Assignment:
Out of the material that follows, write out exactly the lines from the line with "2015 Toyota Etios" to the line with "Honeybee Table Throw", both ends included, and no others.

Provided information:
****

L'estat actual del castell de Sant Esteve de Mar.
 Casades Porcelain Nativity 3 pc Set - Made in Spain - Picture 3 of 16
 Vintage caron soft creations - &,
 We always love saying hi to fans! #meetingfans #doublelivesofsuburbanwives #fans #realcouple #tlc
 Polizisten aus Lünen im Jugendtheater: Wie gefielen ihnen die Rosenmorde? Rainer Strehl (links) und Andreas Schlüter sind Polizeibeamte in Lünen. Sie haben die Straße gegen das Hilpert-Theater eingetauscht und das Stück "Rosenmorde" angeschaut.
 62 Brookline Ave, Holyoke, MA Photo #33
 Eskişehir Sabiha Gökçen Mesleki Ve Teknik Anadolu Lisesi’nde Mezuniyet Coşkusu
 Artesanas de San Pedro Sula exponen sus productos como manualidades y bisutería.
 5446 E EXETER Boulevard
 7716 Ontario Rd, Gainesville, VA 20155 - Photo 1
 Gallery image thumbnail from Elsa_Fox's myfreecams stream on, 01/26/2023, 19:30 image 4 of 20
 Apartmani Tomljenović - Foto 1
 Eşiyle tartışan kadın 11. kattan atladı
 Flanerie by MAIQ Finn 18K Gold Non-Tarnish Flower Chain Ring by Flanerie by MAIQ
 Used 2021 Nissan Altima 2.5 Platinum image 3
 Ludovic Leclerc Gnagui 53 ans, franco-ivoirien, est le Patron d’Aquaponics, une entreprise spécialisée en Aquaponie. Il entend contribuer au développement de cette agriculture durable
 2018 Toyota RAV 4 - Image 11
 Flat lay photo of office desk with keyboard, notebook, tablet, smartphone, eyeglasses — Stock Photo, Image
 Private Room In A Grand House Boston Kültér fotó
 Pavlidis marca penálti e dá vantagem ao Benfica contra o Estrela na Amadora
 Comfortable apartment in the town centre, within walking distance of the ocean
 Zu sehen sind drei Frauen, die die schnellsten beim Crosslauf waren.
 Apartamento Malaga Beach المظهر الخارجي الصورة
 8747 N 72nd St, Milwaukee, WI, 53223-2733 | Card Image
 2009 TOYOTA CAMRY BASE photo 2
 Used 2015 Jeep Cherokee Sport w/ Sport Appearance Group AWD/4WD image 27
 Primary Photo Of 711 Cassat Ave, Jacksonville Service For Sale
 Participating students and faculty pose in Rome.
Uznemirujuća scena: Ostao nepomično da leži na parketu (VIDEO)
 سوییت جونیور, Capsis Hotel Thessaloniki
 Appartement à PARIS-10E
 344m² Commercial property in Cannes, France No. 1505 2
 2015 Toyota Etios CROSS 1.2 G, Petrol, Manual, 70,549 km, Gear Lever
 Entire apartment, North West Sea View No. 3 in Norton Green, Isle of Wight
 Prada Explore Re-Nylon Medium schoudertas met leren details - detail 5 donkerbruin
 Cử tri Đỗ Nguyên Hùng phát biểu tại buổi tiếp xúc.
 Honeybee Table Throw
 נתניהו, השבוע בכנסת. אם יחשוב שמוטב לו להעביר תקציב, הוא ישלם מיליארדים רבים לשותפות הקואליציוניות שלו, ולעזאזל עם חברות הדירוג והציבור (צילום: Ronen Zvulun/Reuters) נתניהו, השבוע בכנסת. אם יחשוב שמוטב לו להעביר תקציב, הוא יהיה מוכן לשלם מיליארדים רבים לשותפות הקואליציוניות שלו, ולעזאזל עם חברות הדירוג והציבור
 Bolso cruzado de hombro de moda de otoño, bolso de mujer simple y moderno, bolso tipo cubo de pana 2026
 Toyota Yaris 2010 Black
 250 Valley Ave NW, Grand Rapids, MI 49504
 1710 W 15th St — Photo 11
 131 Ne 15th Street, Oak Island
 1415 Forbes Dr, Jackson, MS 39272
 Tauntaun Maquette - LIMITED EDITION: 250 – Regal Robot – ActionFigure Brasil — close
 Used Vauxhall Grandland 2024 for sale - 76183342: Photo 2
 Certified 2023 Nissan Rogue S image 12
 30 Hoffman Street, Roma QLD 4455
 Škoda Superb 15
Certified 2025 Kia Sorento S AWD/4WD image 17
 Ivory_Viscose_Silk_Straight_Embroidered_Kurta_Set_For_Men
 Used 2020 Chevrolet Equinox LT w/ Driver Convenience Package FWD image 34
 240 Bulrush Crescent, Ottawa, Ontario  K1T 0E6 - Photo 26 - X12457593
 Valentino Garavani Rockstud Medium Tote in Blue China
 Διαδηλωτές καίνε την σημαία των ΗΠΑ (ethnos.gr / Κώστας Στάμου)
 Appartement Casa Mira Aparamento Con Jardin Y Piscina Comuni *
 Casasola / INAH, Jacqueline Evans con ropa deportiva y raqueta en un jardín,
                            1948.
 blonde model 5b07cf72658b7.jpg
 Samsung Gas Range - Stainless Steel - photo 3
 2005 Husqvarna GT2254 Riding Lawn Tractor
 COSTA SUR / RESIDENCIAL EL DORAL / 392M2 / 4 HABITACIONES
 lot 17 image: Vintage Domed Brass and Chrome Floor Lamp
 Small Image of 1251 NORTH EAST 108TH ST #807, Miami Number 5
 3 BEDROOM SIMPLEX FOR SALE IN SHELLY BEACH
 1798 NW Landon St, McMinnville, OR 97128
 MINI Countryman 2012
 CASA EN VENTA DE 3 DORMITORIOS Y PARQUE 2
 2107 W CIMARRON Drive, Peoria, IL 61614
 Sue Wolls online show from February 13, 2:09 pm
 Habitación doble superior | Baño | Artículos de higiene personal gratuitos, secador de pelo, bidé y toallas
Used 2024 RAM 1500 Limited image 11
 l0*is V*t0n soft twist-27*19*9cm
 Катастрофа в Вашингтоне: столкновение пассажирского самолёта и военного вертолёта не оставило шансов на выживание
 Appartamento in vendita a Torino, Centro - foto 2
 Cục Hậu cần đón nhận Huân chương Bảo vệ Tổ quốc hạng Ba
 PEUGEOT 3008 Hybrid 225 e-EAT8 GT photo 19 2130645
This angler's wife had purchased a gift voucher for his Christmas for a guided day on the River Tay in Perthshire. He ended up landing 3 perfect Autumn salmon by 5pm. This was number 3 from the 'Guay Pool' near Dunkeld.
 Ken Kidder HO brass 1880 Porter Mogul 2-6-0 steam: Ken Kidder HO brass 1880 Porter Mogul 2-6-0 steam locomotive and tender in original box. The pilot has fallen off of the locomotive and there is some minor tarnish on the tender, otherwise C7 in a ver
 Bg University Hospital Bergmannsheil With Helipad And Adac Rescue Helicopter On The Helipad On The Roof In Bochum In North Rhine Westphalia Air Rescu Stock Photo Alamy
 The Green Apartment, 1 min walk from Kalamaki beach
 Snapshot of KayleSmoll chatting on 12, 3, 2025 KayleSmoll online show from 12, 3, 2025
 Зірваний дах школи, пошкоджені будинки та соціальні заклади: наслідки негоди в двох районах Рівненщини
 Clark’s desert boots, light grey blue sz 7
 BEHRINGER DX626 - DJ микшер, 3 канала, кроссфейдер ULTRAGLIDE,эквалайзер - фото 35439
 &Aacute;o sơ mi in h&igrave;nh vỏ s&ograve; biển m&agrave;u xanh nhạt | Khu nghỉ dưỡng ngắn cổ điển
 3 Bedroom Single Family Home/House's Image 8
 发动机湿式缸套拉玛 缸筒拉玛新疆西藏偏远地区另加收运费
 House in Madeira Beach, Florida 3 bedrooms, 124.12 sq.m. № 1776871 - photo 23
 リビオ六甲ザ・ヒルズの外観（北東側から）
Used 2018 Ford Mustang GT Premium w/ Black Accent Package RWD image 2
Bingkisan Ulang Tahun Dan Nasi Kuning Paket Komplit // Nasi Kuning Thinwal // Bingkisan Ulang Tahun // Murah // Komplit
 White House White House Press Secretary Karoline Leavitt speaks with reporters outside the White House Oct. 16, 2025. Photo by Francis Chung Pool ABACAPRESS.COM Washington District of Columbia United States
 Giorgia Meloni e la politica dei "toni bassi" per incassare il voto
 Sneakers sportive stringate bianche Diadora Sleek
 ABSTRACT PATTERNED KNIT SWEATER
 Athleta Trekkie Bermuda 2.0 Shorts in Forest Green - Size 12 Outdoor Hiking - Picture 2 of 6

****

Expected answer:
 2015 Toyota Etios CROSS 1.2 G, Petrol, Manual, 70,549 km, Gear Lever
 Entire apartment, North West Sea View No. 3 in Norton Green, Isle of Wight
 Prada Explore Re-Nylon Medium schoudertas met leren details - detail 5 donkerbruin
 Cử tri Đỗ Nguyên Hùng phát biểu tại buổi tiếp xúc.
 Honeybee Table Throw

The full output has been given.